About this exercise:
Reproduce precisely the lines of the material below from the line containing "Red ruffled dress" up to and including its last line. Pictures must not be copied.

Records shown below:

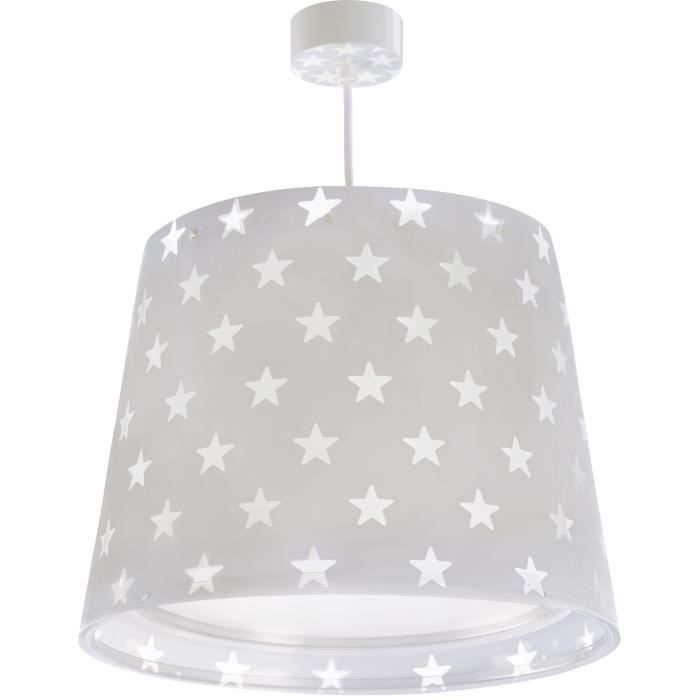 Dalber - Lampe à suspension enfant - Stars - Motif étoiles L 33 cm H 30 cm Gris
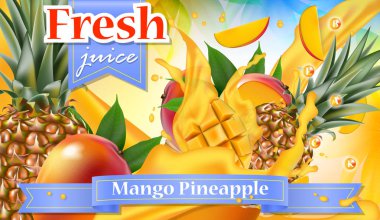 Vektör reklamlar 3d promosyon afiş, gerçekçi mango ve ananas düşen dilimler sıçramasına, suyu damla, vitaminler. Suyu, dondurma, yoğurt için sahte marka reklam. Şirketi poster şablonu. 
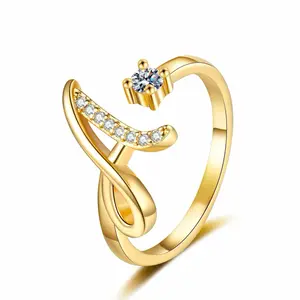Gold Adjustable Chunky Ring for Women - Cute Alphabet Jewelry, Personalized Design, Ideal for Weddings and Gifts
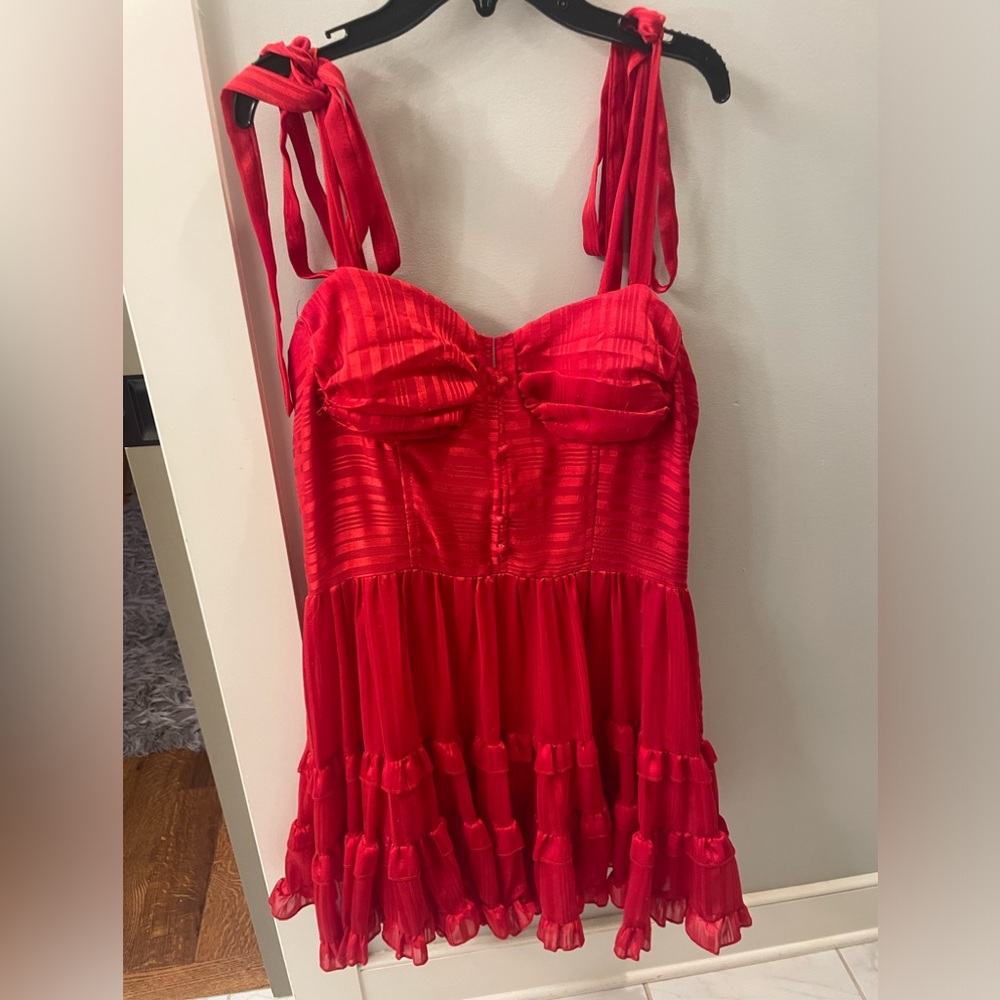 Red ruffled dress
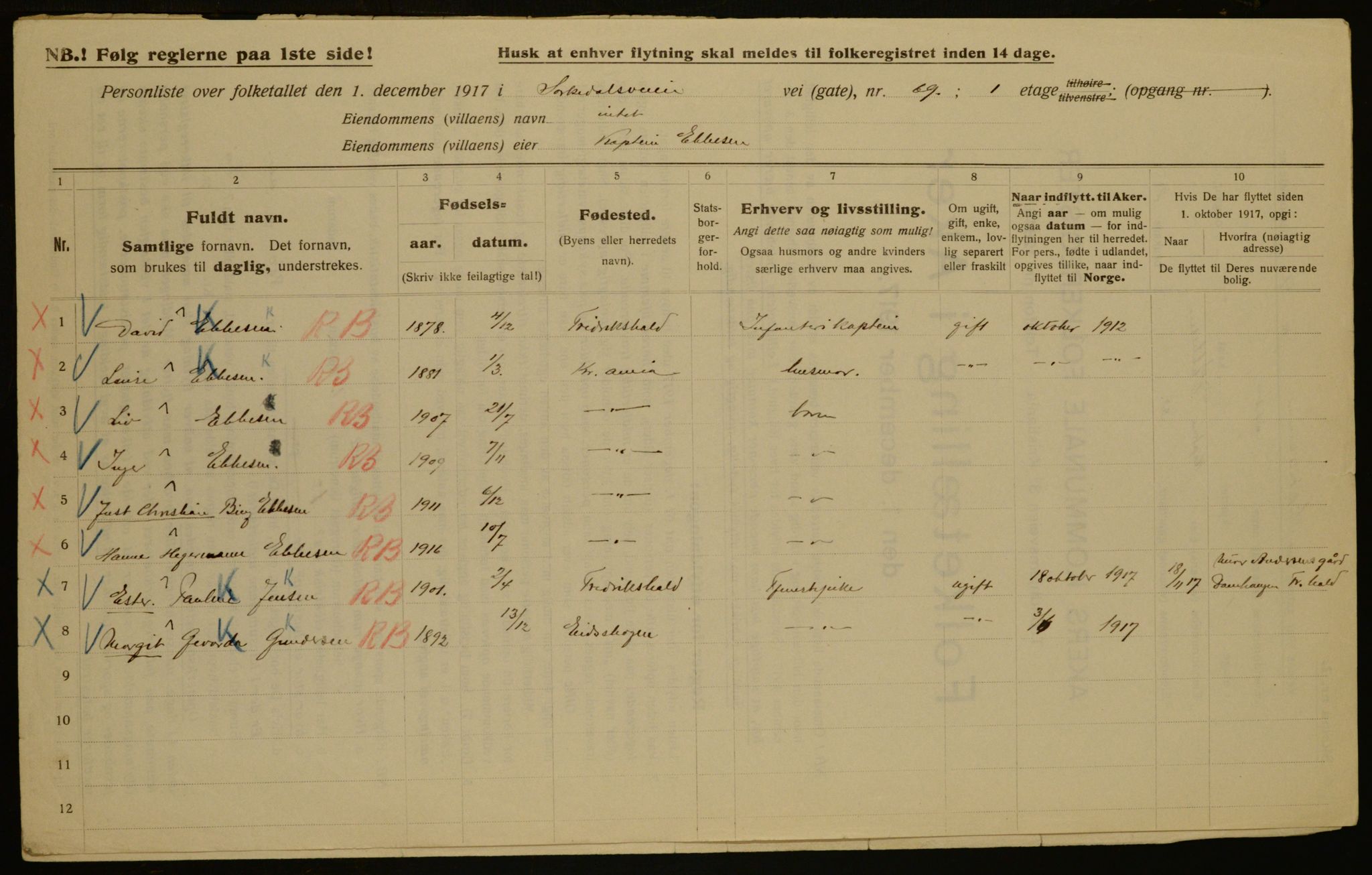 OBA, Municipal Census 1917 for Aker, 1917, p. 11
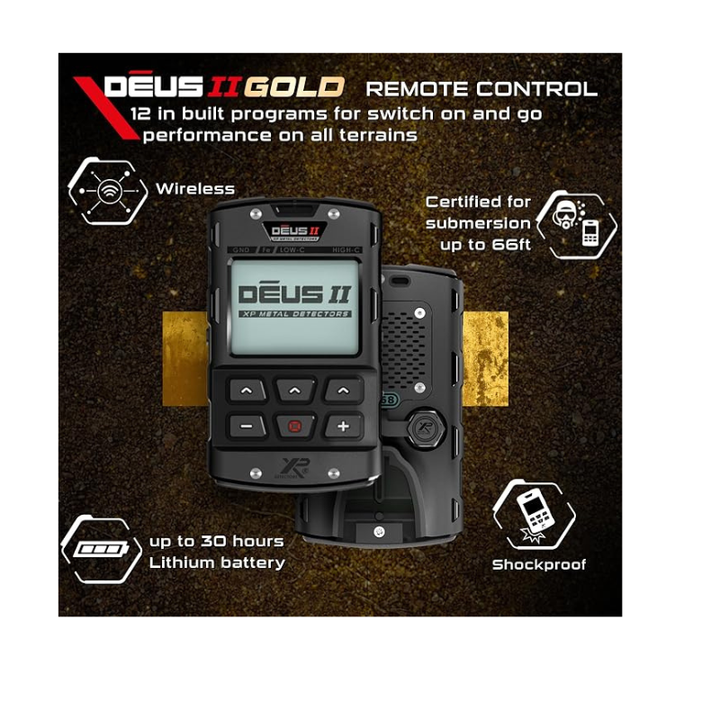XP DEUS II Gold Metal Detector with 9.5" × 5" HF2 Coil, Remote & WSA-ST Headphones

End of Records shown.

Problem solution:
 Red ruffled dress
 OBA, Municipal Census 1917 for Aker, 1917, p. 11
XP DEUS II Gold Metal Detector with 9.5" × 5" HF2 Coil, Remote & WSA-ST Headphones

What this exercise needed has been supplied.